Using the Audit Manager

Guidelines for effective system auditing

The administration of the audit subsystem is the key to effective auditing. Through careful setup and use of the audit subsystem, you have a powerful tool that helps keep the system trusted and identify problems when they do arise. The subsystem is designed to be very complete in terms of audit event coverage both from kernel actions and from the use of system utilities. It is also designed for reliability and to minimize the impact on the performance of the system as a whole.

You should follow certain guidelines when using the audit subsystem. The subsystem is designed to offer flexible performance and reliability and to let you collect the audit data that you want. Audit record generation supports ``preselection'' of audit events, user IDs, and group IDs. Preselection is valuable if you want to concentrate on a specific user or group of users for some reason (for example, when particular users have a pattern of attempting access to files to which they are not permitted). Event types may also be used for preselection such as auditing only login and logoff events. Preselection also saves disk space because the amount of audit records written to the collection files by the subsystem is reduced. There is, however, a drawback to using preselection. If a system security violation occurred and that event or the user that perpetrated the event was not selected for audit, the action is not recorded.

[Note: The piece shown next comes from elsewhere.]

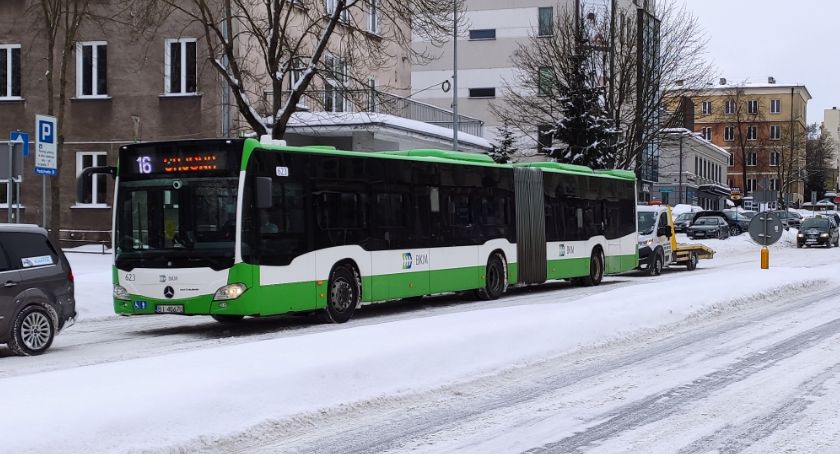 Tegoroczny atak zimy skutkował dużą liczbą kolizji drogowych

For this reason, it is more conservative to not preselect the audit events and users or groups, but instead to perform full auditing so that all security-related events are recorded in the audit trail. The disadvantage of full auditing is that it consumes a great deal of disk space.

How well the subsystem meets your goals depends on proper administration of the system. You control the tradeoff between reliability and performance using audit parameters. Improper setup can result in poor performance, loss of audit data, or both. For example, setting the audit event mask to govern event types audited by the subsystem is critical. If event preselection does not include login events, a penetration of the system through a dial-up line might go undetected. Therefore, it is vital that you carefully consider performance, reliability, and security goals.

Performance goals

When estimating the impact of the audit subsystem on the performance of the system, it is important to consider the actions that must be performed by the subsystem. The audit subsystem device driver is the focal point for the collection of audit records from all sources and is responsible for writing those records to the audit trail. The driver writes to a collection file that is shared by all processes being audited in the system. This situation is similar to an airline reservation system with multiple clerks are accessing a common database. Lockout mechanisms must exist to prevent the intermixing of audit records and to insure the consistency of the database. The same is true of the audit subsystem collection files.

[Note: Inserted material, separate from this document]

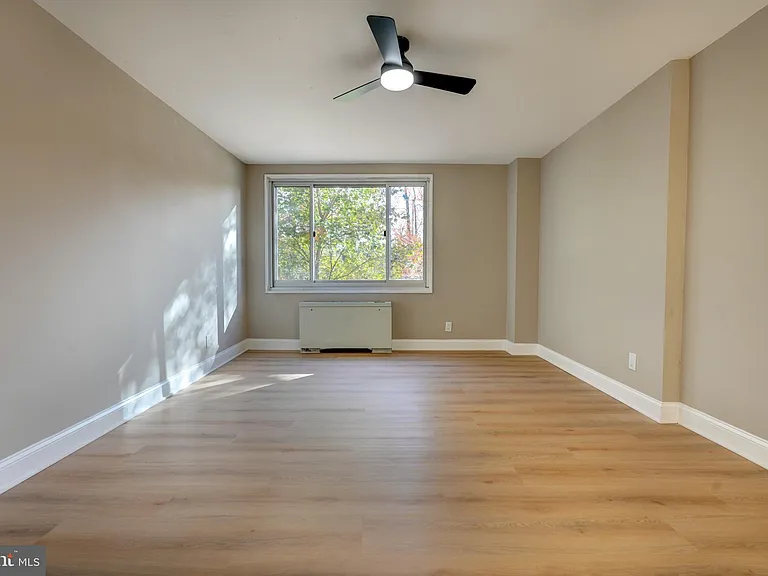 1900 Lyttonsville Rd #211 — Photo 24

An internal buffering mechanism and a write-behind strategy tries to minimize the impact of multiple, simultaneous writers to the collection file. This lets the subsystem service audit records from processes and applications while collection files are being written in parallel. You can tune this mechanism for how much buffering is used and how frequently data is written to the collection file.

Reliability goals

Equally important to the system's performance is the reliability of the audit trail produced. Traditional UNIX systems lack the element of preserving filesystem integrity when a system crash occurs. This stems from the fact that I/O is accomplished using a pool of buffers that are (mostly) written asynchronously. Thus, changes made to files may not actually be recorded on disk at the time of a system crash.

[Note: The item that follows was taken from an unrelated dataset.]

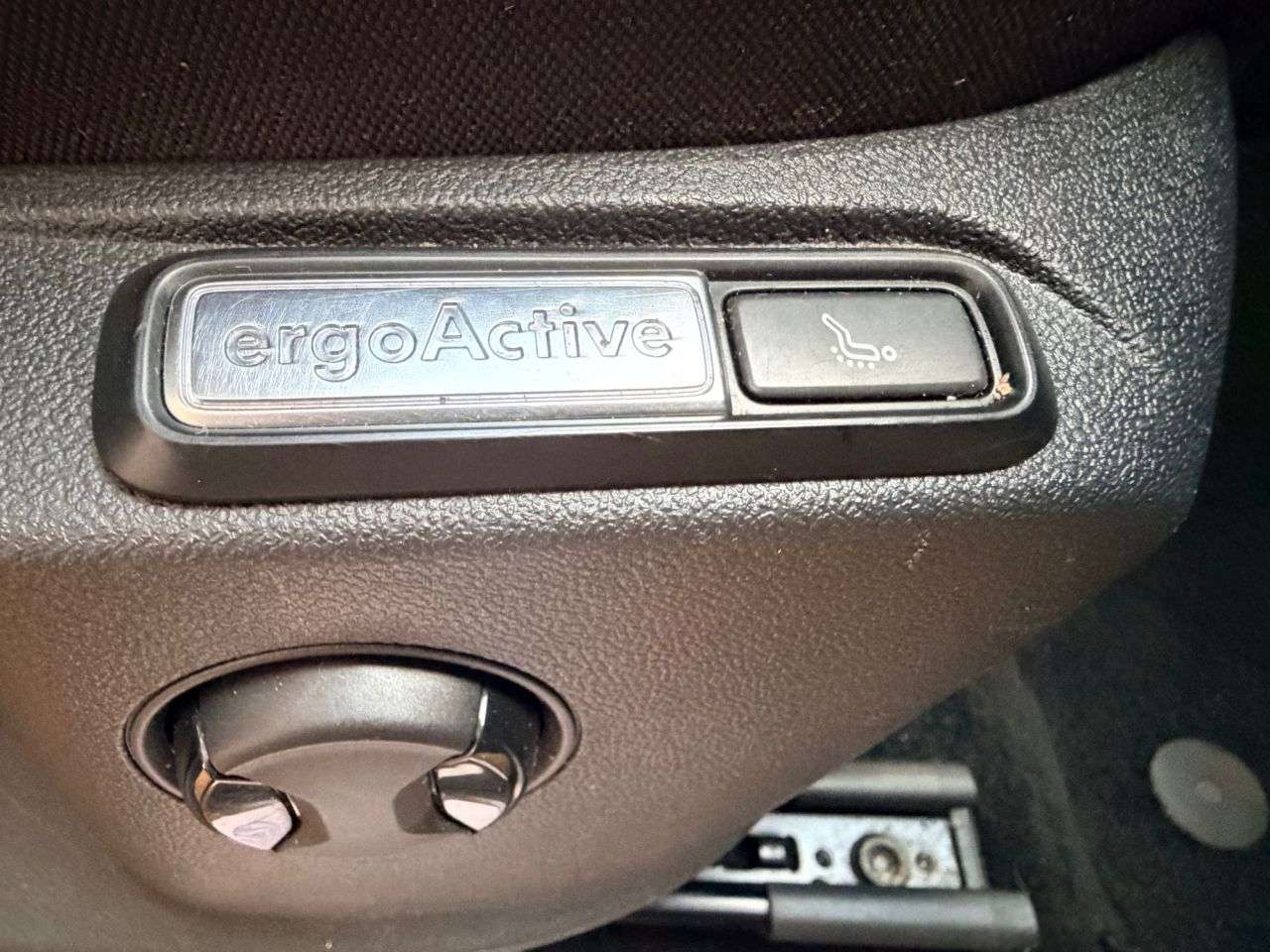 2018 VOLKSWAGEN TIGUAN 2018 VOLKSWAGEN TIGUAN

This is unfortunate because the events leading up to a system crash are the ones that are most interesting from an audit standpoint. It is highly desirable to minimize any potential data loss from the audit subsystem as the result of a system crash. To meet this objective, the audit subsystem uses a facility called synchronous I/O that causes audit collection buffers and collection file inodes to be updated immediately as they change. This minimizes the potential amount of data that could be lost as the result of a system crash.

There is a direct correlation between the degree of data reliability and the performance of the audit subsystem. Audit records that are generated by the kernel audit mechanism, trusted applications, and protected subsystems are typically 40 to 60 bytes in length. If each record is written to the disk synchronously as it is presented to the subsystem, the result is poor performance; the I/O system gets flooded because of the high rate at which these records are generated. The solution is to buffer the records and write them together to the audit trail at selective intervals. These intervals can be determined by elapsed time or an accumulated data threshold. Again, the choice is yours.

Security goals

The final area critical to audit subsystem administration is determining what needs to be audited. Preselection options for record generation can be used to fine tune the audit trail to concentrate on an event or several events. For example, the system may be limited in use to a small group of people but left unattended at night. Several dial-in lines may be provided for after-hours work. You may only be concerned with accounting for who uses the system and when. In this case, preselection can be used only to audit login and logoff events. Attempts to penetrate the system by unauthorized users would then be audited as unsuccessful login attempts.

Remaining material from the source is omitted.